“Vite mie”, il nuovo romanzo di Yari Selvetella
Le ombre. Le ombre che vanno, le ombre che restano. Continuano a oscurarci lo sguardo, sempre meno, quasi fino a svanire. Per poi ritornare. Tornare lì dove abbiamo ricostruito, riamato, ristabilito un ordine.
È quello che succede in “Vite mie” (Mondadori, pp. 250, euro 18.50) di Yari Selvetella a Claudio Prizio, un quarantacinquenne romano che inizia a farsi domande, a mettersi in discussione, innescando così una vera e propria battaglia contro il tempo, ripercorrendo tutte le tappe della sua esistenza, per cercare di capire il presente con le sue nuove emozioni, senza mai riuscire ad allontanarsi dal dolore del passato, per liberare il presente.
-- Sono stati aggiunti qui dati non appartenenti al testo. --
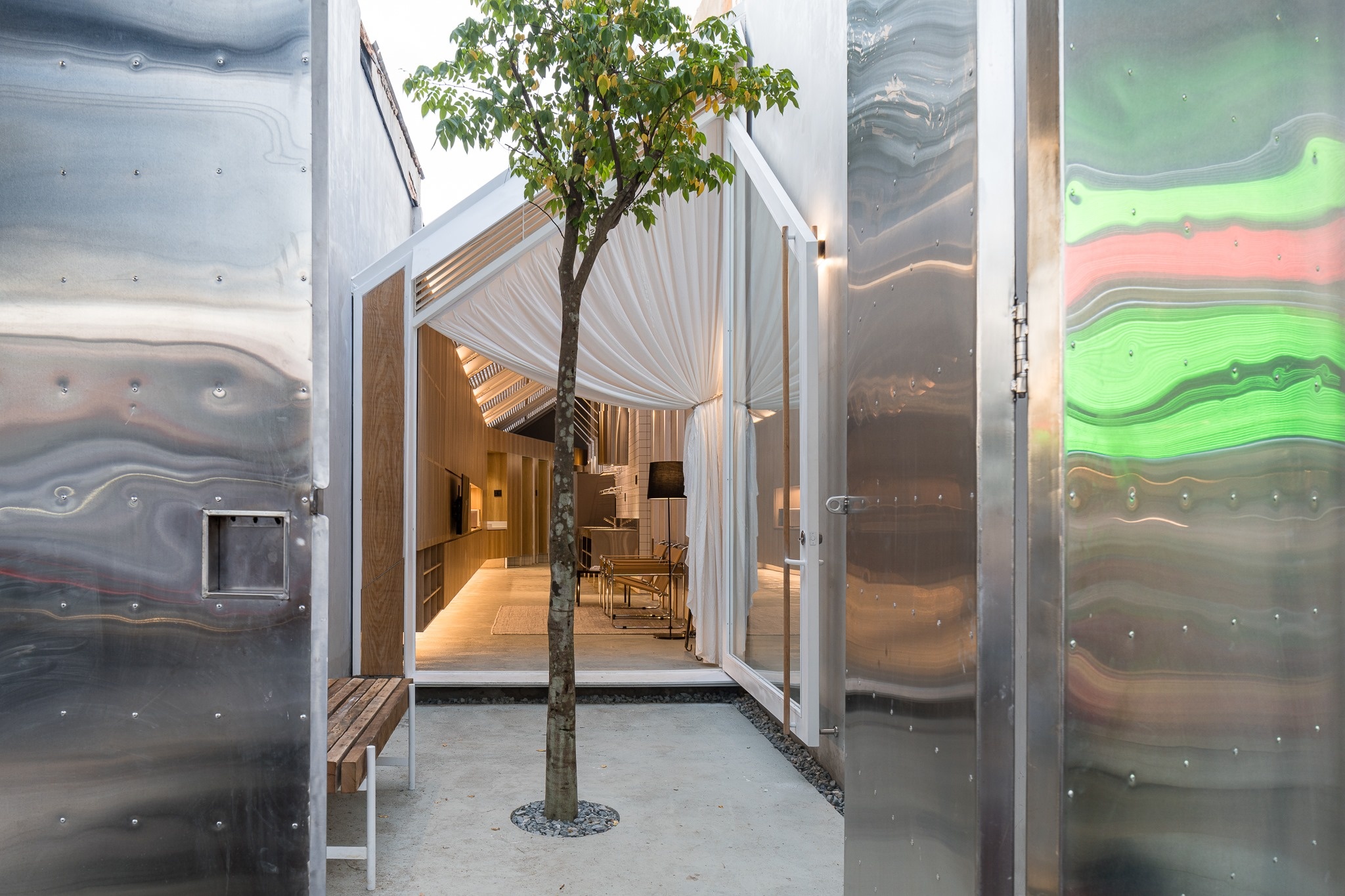 Dua khong gian khoang may bay vao trong nha pho hinh anh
Nel suo presente c’è una nuova compagna di vita e nuovi figli che non hanno un vero legame di sangue tra loro, ma comunque un legame talmente forte da renderli una vera famiglia. Un percorso questo che hai il suo culmine in una domanda, ovvero su quale è il vero significato del verbo amare. E su cosa significhi amare a quarantacinque anni in una famiglia quasi perfetta, così variegata, segnata da lutti e da nuovi amori.
“Non so più amare, chiedo perdono a tutti. Prima provo a pensarlo, poi a dirlo sottovoce, poi per convincermene aggiungo il pronome: io non so, io non so più amare.”
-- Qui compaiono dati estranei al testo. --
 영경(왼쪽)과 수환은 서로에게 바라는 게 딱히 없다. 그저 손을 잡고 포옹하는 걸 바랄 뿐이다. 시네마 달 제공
Un romanzo familiare, in cui la vita del protagonista si rispecchia nelle vite delle persone che incontra, con le quali cerca affinità e forse anche la propria identità, che sente oramai persa. E il tutto avviene all’interno di quella città magica che è Roma, che regala tanto, ma riesce anche a custodire il passato e la memoria di chi vi nasconde i propri ricordi.